**Short descriptive text snippets**.
+-------+
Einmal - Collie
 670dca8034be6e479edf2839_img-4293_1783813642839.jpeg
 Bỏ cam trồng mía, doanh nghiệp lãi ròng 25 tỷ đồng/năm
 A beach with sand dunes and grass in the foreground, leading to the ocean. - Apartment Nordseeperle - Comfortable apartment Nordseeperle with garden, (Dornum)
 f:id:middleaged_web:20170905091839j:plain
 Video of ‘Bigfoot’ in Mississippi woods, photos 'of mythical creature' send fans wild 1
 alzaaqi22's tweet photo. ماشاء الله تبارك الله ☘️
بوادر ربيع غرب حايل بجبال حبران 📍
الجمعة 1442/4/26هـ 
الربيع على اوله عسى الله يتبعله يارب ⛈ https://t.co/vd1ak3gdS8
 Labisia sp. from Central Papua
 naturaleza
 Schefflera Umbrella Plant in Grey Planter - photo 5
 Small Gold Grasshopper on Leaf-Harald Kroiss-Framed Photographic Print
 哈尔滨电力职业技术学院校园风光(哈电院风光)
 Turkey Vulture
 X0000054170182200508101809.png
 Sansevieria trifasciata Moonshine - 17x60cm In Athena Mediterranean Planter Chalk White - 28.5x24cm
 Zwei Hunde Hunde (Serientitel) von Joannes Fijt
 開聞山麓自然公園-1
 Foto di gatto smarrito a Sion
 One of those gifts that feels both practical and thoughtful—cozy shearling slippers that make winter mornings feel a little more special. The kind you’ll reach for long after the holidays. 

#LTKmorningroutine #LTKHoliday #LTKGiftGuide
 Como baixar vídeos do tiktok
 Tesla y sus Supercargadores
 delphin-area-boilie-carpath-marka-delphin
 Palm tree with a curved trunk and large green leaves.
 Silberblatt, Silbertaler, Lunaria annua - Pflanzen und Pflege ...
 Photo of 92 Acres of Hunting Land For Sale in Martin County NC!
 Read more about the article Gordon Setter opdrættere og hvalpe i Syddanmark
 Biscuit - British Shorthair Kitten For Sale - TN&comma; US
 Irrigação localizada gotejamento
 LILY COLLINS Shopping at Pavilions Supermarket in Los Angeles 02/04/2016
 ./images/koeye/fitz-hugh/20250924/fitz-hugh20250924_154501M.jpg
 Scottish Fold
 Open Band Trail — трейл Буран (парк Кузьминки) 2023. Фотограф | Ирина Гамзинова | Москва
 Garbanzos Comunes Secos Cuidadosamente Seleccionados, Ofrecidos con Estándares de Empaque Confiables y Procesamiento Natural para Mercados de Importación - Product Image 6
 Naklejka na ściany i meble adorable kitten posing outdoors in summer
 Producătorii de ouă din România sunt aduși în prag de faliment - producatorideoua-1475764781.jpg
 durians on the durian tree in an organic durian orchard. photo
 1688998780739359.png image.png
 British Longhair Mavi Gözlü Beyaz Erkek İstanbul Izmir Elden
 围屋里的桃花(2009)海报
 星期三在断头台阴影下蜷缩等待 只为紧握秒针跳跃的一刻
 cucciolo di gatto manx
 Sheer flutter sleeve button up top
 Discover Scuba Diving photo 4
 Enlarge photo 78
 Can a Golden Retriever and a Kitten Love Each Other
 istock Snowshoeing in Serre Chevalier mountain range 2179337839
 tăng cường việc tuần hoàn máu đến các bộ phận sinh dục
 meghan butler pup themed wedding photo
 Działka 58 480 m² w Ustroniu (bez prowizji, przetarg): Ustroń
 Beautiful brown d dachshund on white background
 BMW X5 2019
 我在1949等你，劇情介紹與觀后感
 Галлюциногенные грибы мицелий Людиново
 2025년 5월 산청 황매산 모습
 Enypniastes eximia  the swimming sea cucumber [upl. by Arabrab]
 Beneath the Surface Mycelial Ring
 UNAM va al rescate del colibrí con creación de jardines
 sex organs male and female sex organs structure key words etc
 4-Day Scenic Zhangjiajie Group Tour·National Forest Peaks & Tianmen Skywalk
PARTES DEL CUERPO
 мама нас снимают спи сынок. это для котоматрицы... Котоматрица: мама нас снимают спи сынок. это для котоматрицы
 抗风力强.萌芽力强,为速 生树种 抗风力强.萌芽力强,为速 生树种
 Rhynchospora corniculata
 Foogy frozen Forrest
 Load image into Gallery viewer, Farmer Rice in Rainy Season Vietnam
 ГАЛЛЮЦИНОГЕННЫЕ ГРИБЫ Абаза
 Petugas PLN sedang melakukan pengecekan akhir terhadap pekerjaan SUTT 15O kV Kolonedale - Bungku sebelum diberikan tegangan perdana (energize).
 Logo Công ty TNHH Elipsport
+-------+
Your output should consist solely of the lines from the beginning of the entries through the line containing "Photo of 92", reproduced exactly.

Einmal - Collie
 670dca8034be6e479edf2839_img-4293_1783813642839.jpeg
 Bỏ cam trồng mía, doanh nghiệp lãi ròng 25 tỷ đồng/năm
 A beach with sand dunes and grass in the foreground, leading to the ocean. - Apartment Nordseeperle - Comfortable apartment Nordseeperle with garden, (Dornum)
 f:id:middleaged_web:20170905091839j:plain
 Video of ‘Bigfoot’ in Mississippi woods, photos 'of mythical creature' send fans wild 1
 alzaaqi22's tweet photo. ماشاء الله تبارك الله ☘️
بوادر ربيع غرب حايل بجبال حبران 📍
الجمعة 1442/4/26هـ 
الربيع على اوله عسى الله يتبعله يارب ⛈ https://t.co/vd1ak3gdS8
 Labisia sp. from Central Papua
 naturaleza
 Schefflera Umbrella Plant in Grey Planter - photo 5
 Small Gold Grasshopper on Leaf-Harald Kroiss-Framed Photographic Print
 哈尔滨电力职业技术学院校园风光(哈电院风光)
 Turkey Vulture
 X0000054170182200508101809.png
 Sansevieria trifasciata Moonshine - 17x60cm In Athena Mediterranean Planter Chalk White - 28.5x24cm
 Zwei Hunde Hunde (Serientitel) von Joannes Fijt
 開聞山麓自然公園-1
 Foto di gatto smarrito a Sion
 One of those gifts that feels both practical and thoughtful—cozy shearling slippers that make winter mornings feel a little more special. The kind you’ll reach for long after the holidays. 

#LTKmorningroutine #LTKHoliday #LTKGiftGuide
 Como baixar vídeos do tiktok
 Tesla y sus Supercargadores
 delphin-area-boilie-carpath-marka-delphin
 Palm tree with a curved trunk and large green leaves.
 Silberblatt, Silbertaler, Lunaria annua - Pflanzen und Pflege ...
 Photo of 92 Acres of Hunting Land For Sale in Martin County NC!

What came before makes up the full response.